Happening Fast, Reporting Faster: School Shootings and Reporting

Allison Cook

"The Library." Sounds so innocent. So simple, but it's not. As I sat in the theater at Ohio University and watched my peers re-enact the scenes that so many of us have come to know and fear, I couldn't help but be horrified in the media's actions.

When it comes to school shootings, people like to point their fingers at the media, gun control and mental illness, but this is not what this blog is about. At the end of the day, for the reporters, it is our job to get the truth of what happened out to the public. It is not our job to say what we think (unless we are writing an editorial) or why we think it happened. It happened. It was horrible. Now, get the facts right.

In the play, the media did not have a face. It was not an actor or actress, but instead something continuously mentioned. The main character, Caitlin Gabriel (played by Rachel Gaunce), was being blamed for exposing to the shooter, before she herself was shot (but not killed), where many of her peers were hiding. Throughout the story the media only reinforced the blame.
Photo Credit: Allison Cook   "The Library" is a play about
school shootings. It is showing at Ohio University until
October 8.
The Society of Professional Journalist's code of ethics says: "Take responsibility for the accuracy of their work. Verify information before releasing it," "Remember that neither speed nor format excuses accuracy," "Show compassion for those who may be affected by the news coverage. Used heightened sensitivity when dealing with (...) subjects who are inexperienced or unable to give consent," and "Diligently seek subjects of news coverage to allow them to respond to criticism or allegations of wrongdoing." Where are these codes in the minds of the reporters who are rushing to get the facts of the scene after [insert number of students killed here] have been found dead in the place of knowledge and growth?

In a Newsweek article by Max Kutner, titled "Mass Shootings and the News Media: A Connection," Kutner talks about the reasons why it can be harmful to rush covering all types of tragedies like school shootings. Kutner says, "Releasing misinformation or even accurate information too quickly can traumatize or re-traumatize survivors, or innocent people could be identified as suspects."

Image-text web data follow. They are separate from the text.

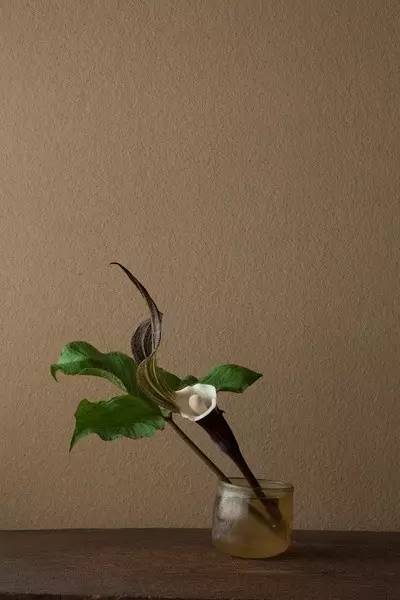 开到荼蘼花事了|川濑敏郎《一日一花》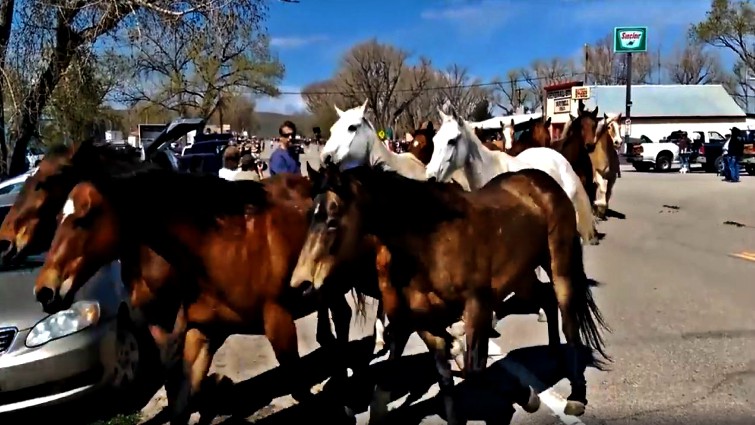 Close-up of horses in the herd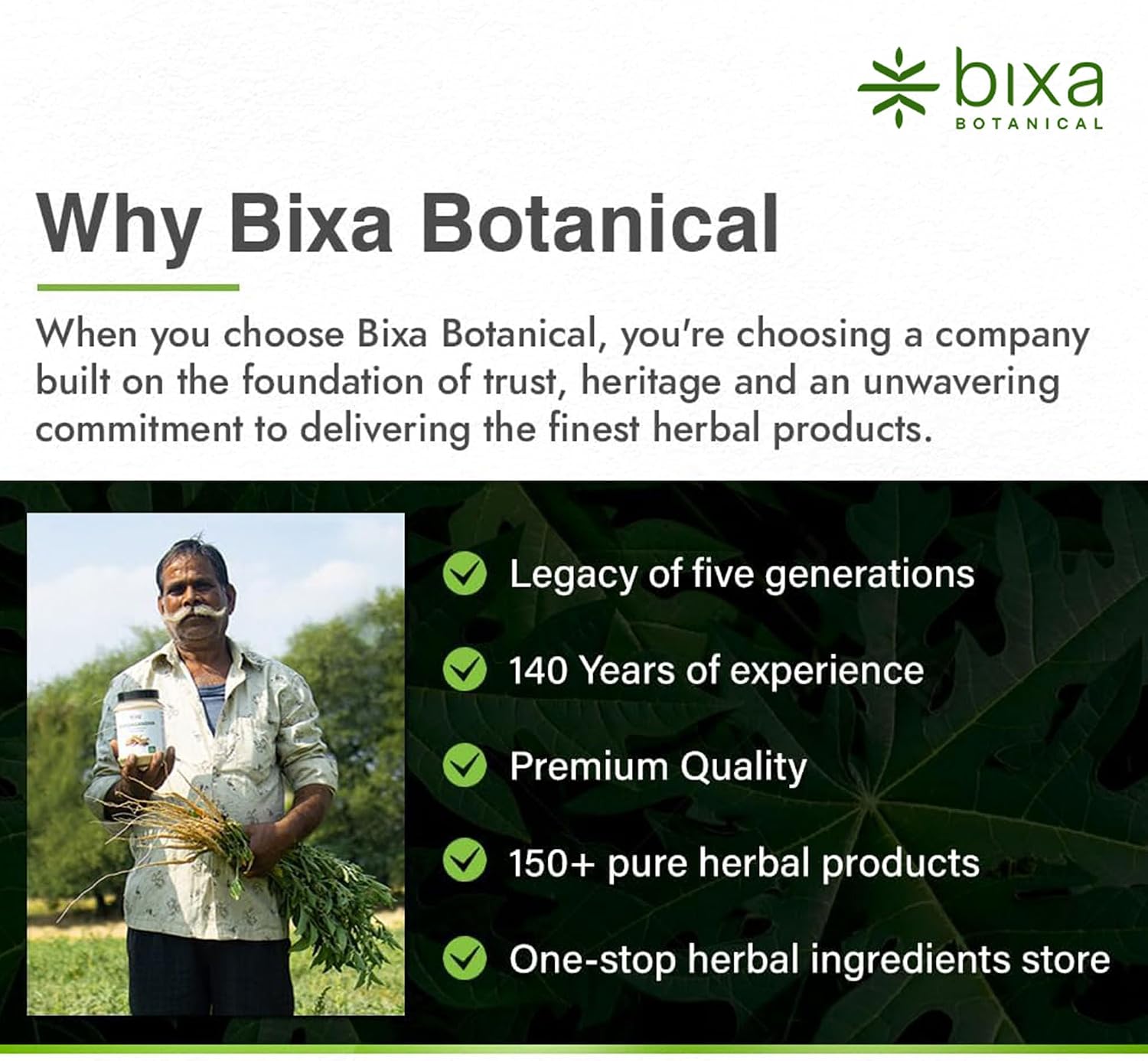 bixa BOTANICAL Polvo de Raíz de Galanga Mayor - 454 g (16 oz)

The latter statement hit very close to what happened to Gabriel in the play. One of the other survivors characters had mis-remembered the scene and put blame on Gabriel by using the media. After many reports came out, everyone began to blame her. The consequences for Gabriel and her family were bigger than they would have been if the media had not rushed to conclusions based on, what started as one witness.

The play did not take the dark turn that I thought it would. The writer did not go into the potential consequences on the survivor's mental health, when she is being blamed for the killings of other students. The writer does not go into how being isolated from her friends and how it feels to have no one believe you, although the audience gets a glimpse through Gabriel's failed attempts to reach out to one of her friends. The audience does get to see the monetary consequences, which were the family not receiving the adequate amount of compensation from survivor funds.

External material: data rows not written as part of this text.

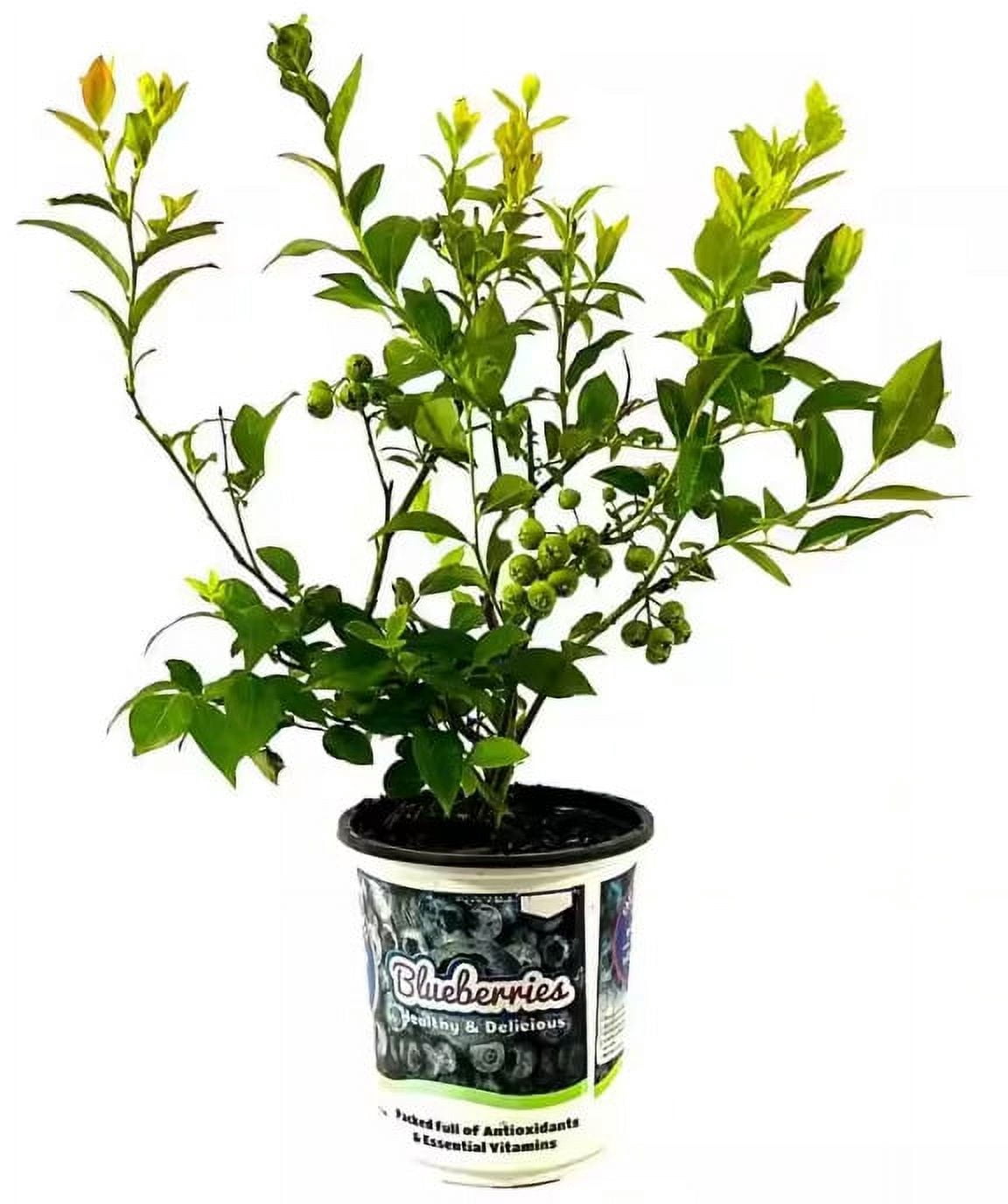 blue-jay-blueberry-live-plant-with-sweet-large-berries-2-5-qt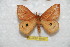  ( - BC-RBP 6690)  @14 [ ] Copyright (2012) Ron Brechlin Research Collection of Ron Brechlin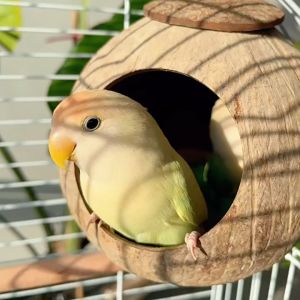 บ้านนกแก้ว บ้านกะลานก ที่นอนนก รังนกแก้ว ทำจากกะลา ธรรมชาติ ปลอดภัย บ้านนกฟอพัส หงษ์หยก เลิฟเบิร์ด ค๊อกคาเทล กรีนซีค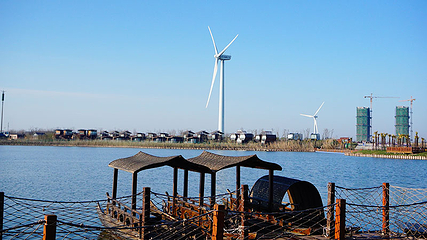 龙湾海上田园第 58 张图片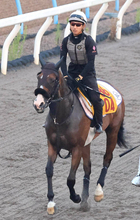 【アイビスＳＤ】“千直”マスターの菊沢一樹騎手が２５回目のコンビ・エコロレジーナと重賞初勝利へ一直線
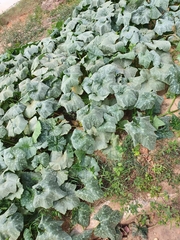 Cucurbita moschata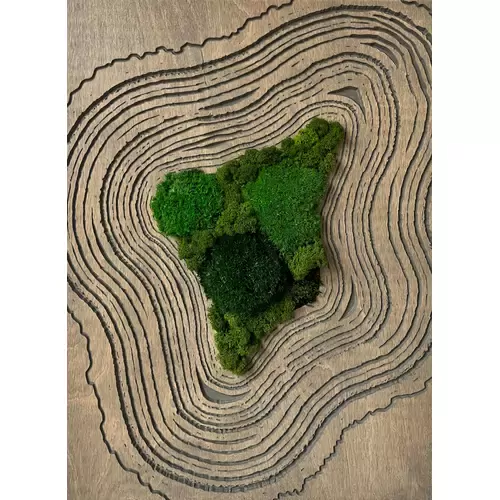 Stabilizuotų samanų paveikslas 1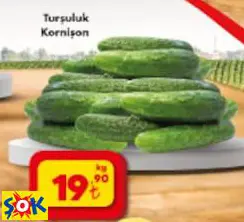 TURŞULUK KORNİŞON TURŞULUK KORNİŞON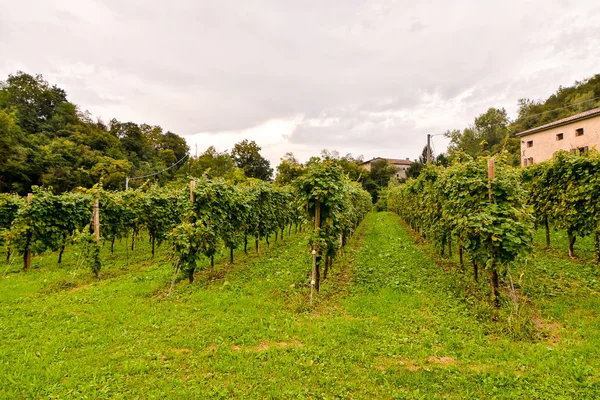 Vinice připravena k výrobě vína — Stock fotografie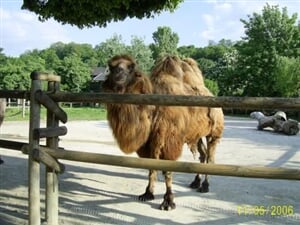 Vídeň - ZOO Schönbrunn z Prahy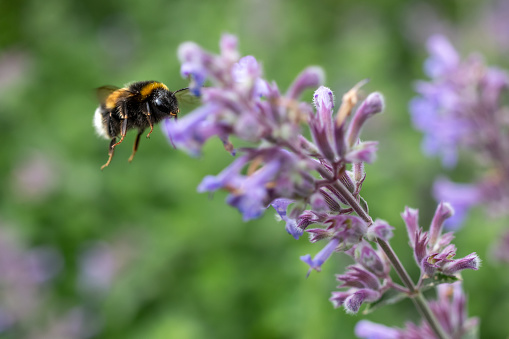 the bumblebee is flying near a nepeta flower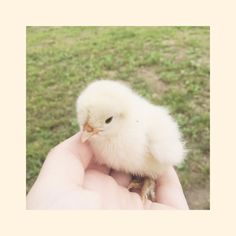 a small white chicken sitting on top of someone's hand in front of grass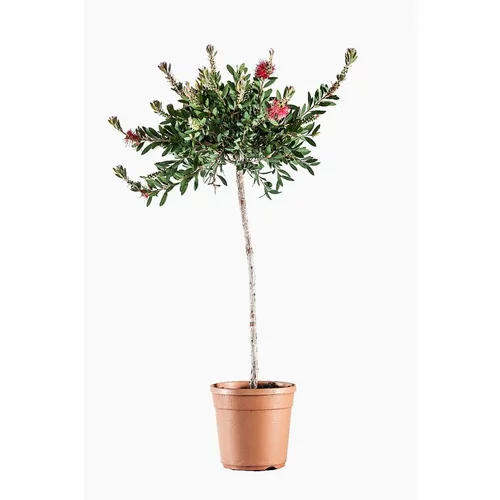 Rince bouteille ou Callistemon Laevis. Le pot de 7 litres, forme 1/2 tige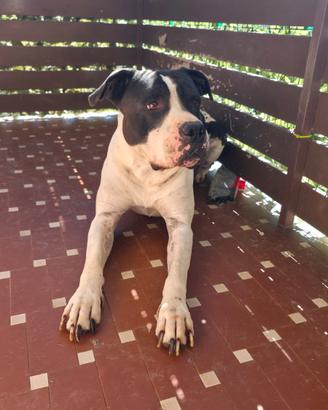 Pitbull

At the end of the play it is revealed that the media was wrong and Gabriel was innocent. She had not been the one to tell the shooter where her peers were hiding and had been wrongly identified. It had taken the police about seven months to get the whole story and finally close the case. Seven months that Gabriel had to not only deal with recovering from the gun shot and the loss of her friends and classmates, but also deal with the world not listening and believing her. Seven months the media messed up. What was that SPJ's code had said? Oh, "Remember that neither speed nor format excuses accuracy."

"The Library" is a fictional story based on the true school shootings that have taken place in America. "The Library" is also contains a lesson to be learned. We, as journalists, need to report what we know and what is true. It's more important to wait for the truth than to rush the facts just so the public can hear/read what happened.